◆ Given data
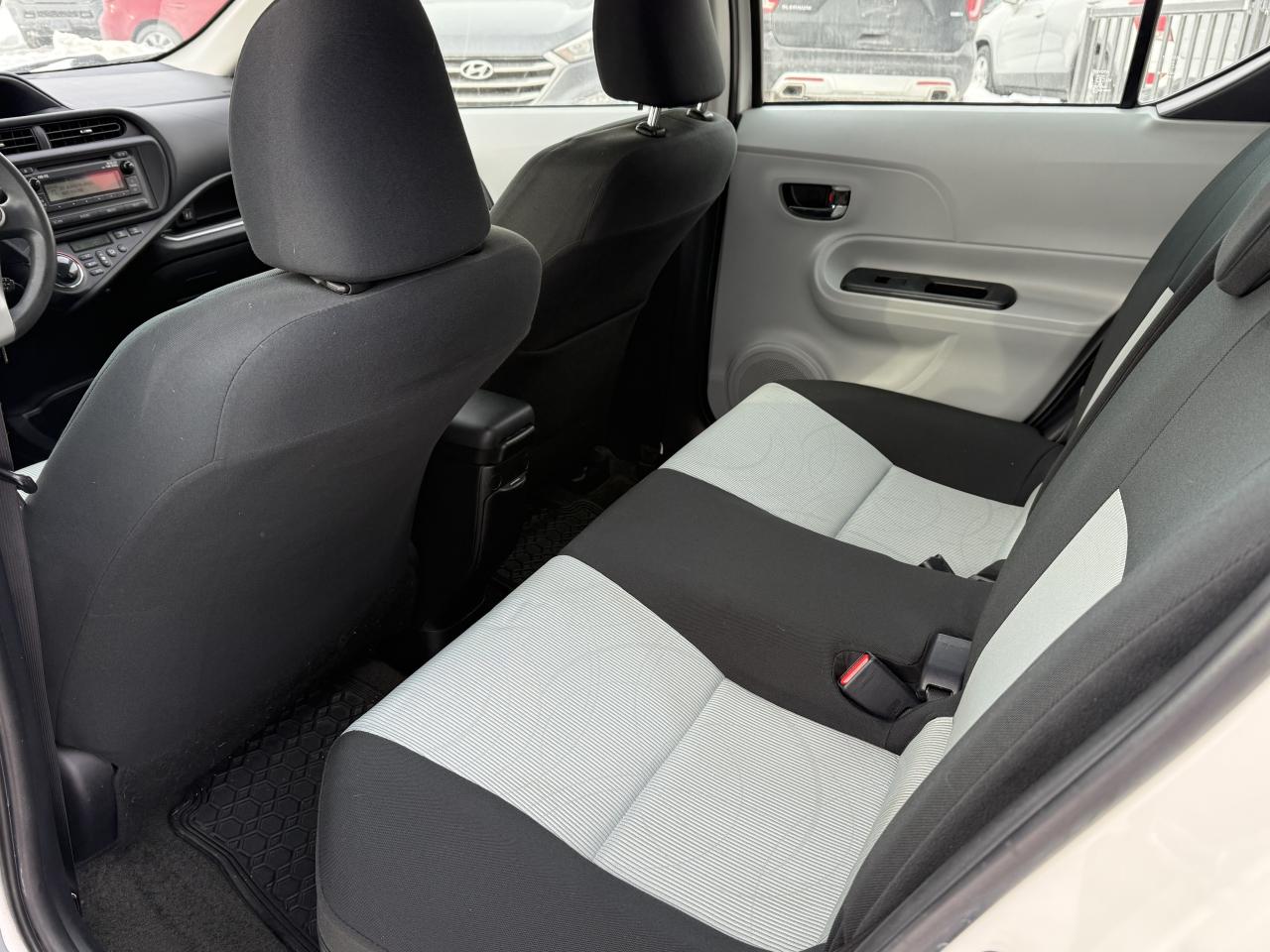 2014 Toyota Prius c LOW KM | BLUETOOTH | NO ACCIDENTS Photo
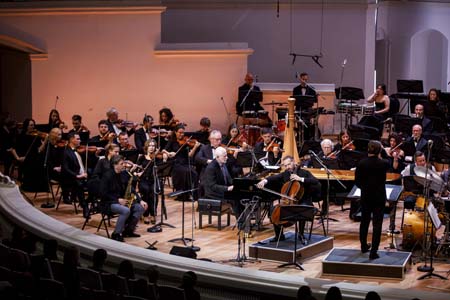 На концертах РНО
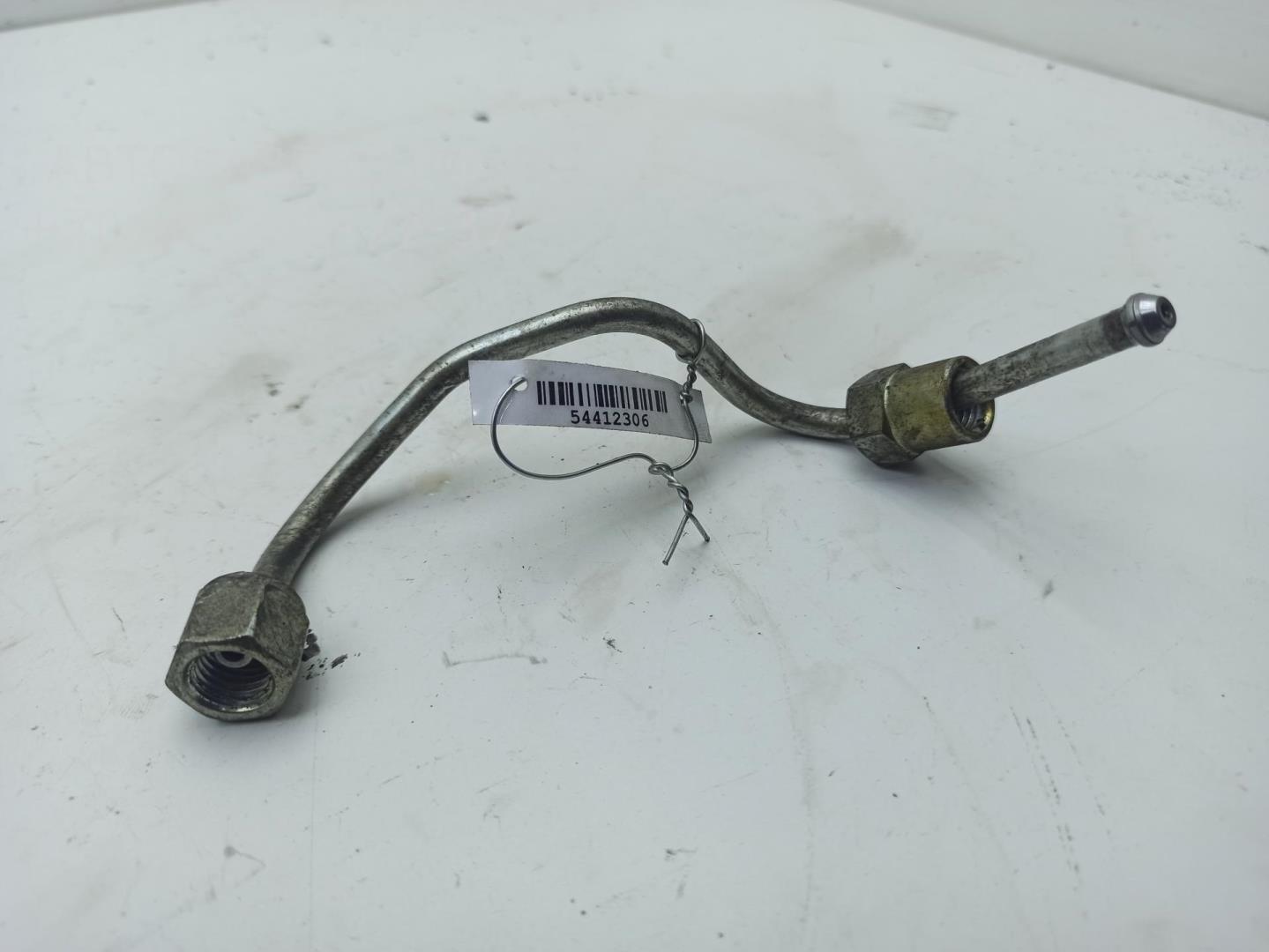 Трубка топливная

◆ Task to carry out
Since pictures are not part of the copy, set down only the remaining data exactly.

◆ Answer below
 2014 Toyota Prius c LOW KM | BLUETOOTH | NO ACCIDENTS Photo
 На концертах РНО
 Трубка топливная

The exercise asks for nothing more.